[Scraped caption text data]

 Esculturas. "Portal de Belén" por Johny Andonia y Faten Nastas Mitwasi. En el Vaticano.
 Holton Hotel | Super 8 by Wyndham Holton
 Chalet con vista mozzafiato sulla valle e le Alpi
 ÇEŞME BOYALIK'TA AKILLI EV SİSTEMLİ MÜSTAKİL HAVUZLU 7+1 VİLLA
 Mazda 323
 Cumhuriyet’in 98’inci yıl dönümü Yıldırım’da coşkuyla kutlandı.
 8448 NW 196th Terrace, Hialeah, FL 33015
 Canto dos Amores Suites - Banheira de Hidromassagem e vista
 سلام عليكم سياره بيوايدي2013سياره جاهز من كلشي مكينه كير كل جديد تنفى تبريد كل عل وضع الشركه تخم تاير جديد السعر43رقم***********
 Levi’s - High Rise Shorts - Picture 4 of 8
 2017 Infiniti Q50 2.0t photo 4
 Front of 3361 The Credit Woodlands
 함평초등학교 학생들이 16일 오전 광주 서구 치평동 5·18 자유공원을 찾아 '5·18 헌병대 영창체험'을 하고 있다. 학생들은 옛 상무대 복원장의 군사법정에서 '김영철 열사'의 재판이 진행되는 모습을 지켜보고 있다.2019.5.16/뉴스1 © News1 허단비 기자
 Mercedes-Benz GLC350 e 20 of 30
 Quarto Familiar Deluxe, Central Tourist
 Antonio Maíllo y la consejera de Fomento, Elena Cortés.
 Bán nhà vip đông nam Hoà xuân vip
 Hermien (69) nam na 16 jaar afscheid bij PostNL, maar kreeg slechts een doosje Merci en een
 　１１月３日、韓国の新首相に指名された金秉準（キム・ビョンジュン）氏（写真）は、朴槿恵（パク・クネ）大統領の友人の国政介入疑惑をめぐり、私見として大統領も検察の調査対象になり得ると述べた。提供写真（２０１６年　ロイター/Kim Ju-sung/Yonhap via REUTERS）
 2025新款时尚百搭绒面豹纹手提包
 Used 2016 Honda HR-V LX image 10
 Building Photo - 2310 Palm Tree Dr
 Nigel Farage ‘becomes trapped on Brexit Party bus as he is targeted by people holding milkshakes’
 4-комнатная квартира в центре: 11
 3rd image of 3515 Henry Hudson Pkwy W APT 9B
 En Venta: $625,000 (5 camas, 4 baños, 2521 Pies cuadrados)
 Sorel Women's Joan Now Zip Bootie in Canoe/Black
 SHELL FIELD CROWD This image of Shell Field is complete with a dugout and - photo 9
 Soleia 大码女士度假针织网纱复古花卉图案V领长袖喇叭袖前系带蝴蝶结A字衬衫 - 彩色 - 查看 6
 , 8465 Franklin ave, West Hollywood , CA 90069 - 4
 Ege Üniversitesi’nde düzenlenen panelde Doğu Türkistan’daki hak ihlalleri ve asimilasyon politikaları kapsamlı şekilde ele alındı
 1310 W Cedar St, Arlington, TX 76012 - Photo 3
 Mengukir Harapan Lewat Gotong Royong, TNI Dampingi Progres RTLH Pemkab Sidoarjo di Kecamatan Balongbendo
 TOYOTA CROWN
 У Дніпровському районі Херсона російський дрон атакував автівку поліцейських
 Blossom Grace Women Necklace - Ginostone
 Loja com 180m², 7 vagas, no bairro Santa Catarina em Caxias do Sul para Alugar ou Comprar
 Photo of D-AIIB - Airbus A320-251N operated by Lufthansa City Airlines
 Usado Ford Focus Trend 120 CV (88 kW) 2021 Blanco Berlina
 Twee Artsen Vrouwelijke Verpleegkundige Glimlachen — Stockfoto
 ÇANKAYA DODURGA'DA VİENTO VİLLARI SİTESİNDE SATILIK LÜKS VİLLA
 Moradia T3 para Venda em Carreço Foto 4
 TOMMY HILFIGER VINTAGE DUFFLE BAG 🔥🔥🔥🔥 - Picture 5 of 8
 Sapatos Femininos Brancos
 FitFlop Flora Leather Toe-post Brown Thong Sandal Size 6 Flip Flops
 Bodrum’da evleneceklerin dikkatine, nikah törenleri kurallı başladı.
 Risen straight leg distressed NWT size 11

Instructions to follow: The lines to copy are those in the records above containing the word "Women".

Exercise output:
 Sorel Women's Joan Now Zip Bootie in Canoe/Black
 Blossom Grace Women Necklace - Ginostone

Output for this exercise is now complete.